On April 28, 2020, Judge Brian Morris of the US District Court for the District of Montana granted a motion for expedited briefing of a motion to stay filed the day before by the US Department of Justice, on behalf of the US Army Corps of Engineers (Corps), et al. (Federal Defendants). In the same ruling, Judge Morris also denied a request to administratively stay portions of his Order signed on April 15, 2020 (the Order) that had national implications until he rules on the motion to stay. Not addressed by the court in its April 28 ruling was the Federal Defendants’ request for the court to rule on the motion to stay no later than May 11, 2020. In the motion to stay and the motion to expedite, the Federal Defendants indicated that if the court did not rule or otherwise grant relief from the injunction by May 11, 2020, a notice of appeal to the Ninth Circuit would be filed the next day.

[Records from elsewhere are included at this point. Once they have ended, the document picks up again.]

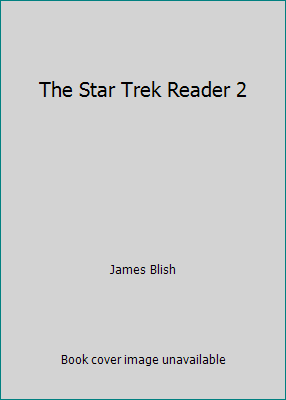 The Star Trek Reader 2 B000HNBQ3A Book Cover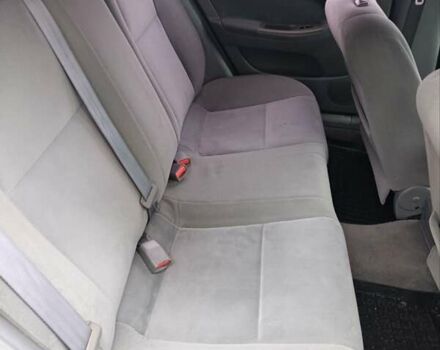 Черный Шевроле Лачетти, объемом двигателя 1.6 л и пробегом 193 тыс. км за 4500 $, фото 49 на Automoto.ua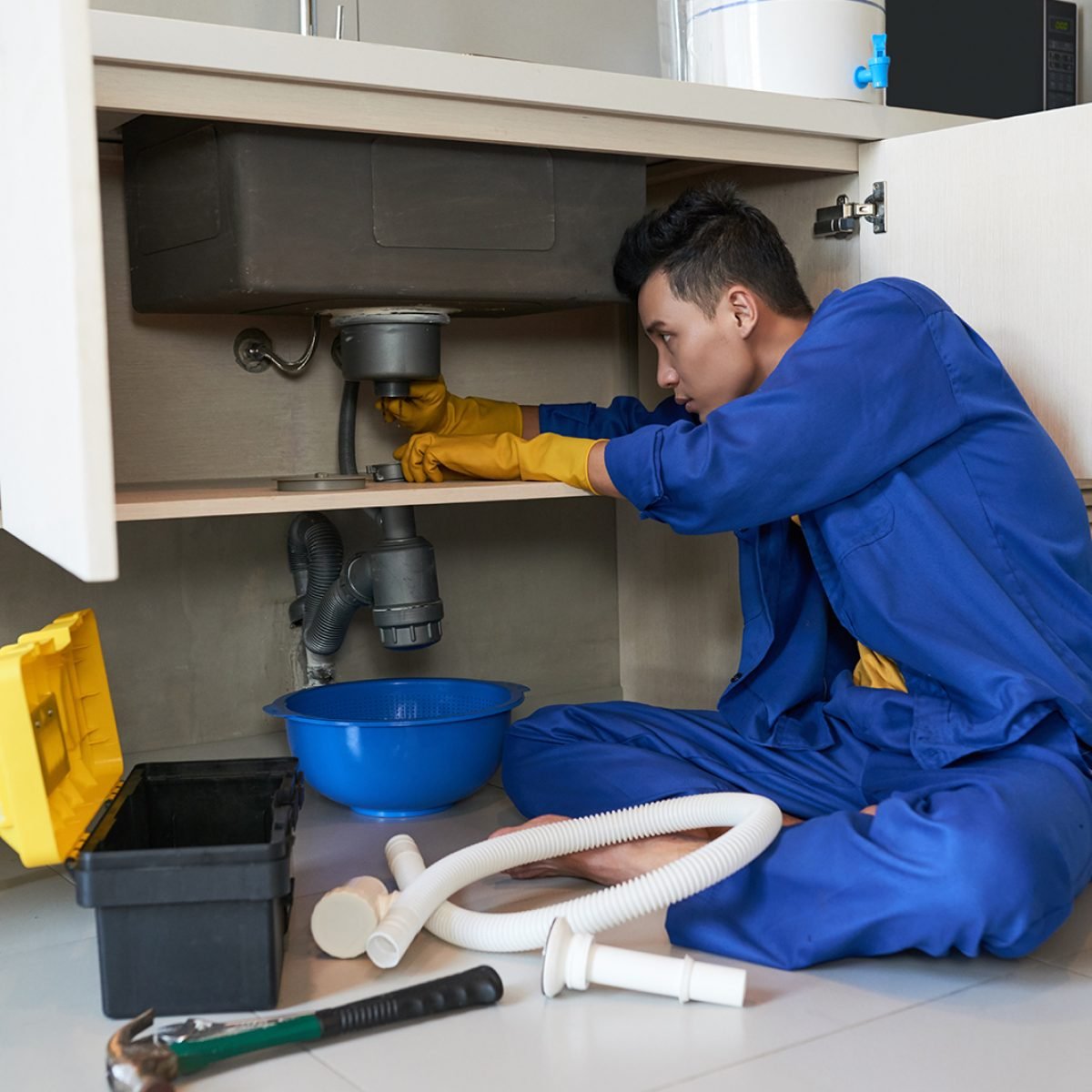 Plumbing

The motion to stay filed on April 27, 2020, requests the court to stay portions of the Order that vacated Nationwide Permit 12 (NWP 12) (the Vacatur) and the portion that enjoined the Corps from issuing any further dredge and fill activities under NWP 12 (the Injunction). The motion to stay also requested that, at a minimum, the court stay the Vacatur and Injunction so that they do not apply to any projects outside of the Keystone XL pipeline.
The Federal Defendants’ main argument in the motion to stay is that the Order went beyond what was requested by the plaintiffs, who were focused on the Keystone XL pipeline. One example cited in support of this argument was the plaintiffs’ opposition to the state of Montana’s motion to intervene, in which the plaintiffs state they “have not sought to have NWP 12 broadly enjoined; rather, they seek narrowly tailored relief to ensure adequate environmental review of oil pipelines, especially Keystone XL.”
Another principal argument by the Federal Defendants is that the court did not provide a meaningful opportunity to oppose the Vacatur and Injunction and that such remedy fashioned by the court is not in the public interest since it goes beyond oil pipelines and affects utility projects. In support of this argument, the Federal Defendants stated that “thousands of projects undertaken across the country to provide needed and important services to innumerable segments of the public. Neither the proponents of those projects, nor the members of the public they serve, are parties in this case.” Other arguments pushed by the Federal Defendants are that the court fashioned this remedy without any analysis or record to support the remedies granted, the plaintiffs lack standing for a general injunction of NWP 12 across the board, and the court erred in its conclusion that the Corps of Engineers’ “no effect” determination under its Endangered Species Act review was arbitrary and capricious.
The Corps estimates that there are approximately 5,500 preconstruction notices currently before its various district offices awaiting verifications. If those preconstruction notices were to be processed as standard individual permits, it would take 1,250 regulatory project managers one and a half years to process those preconstruction notices and those expected during the remainder of 2020.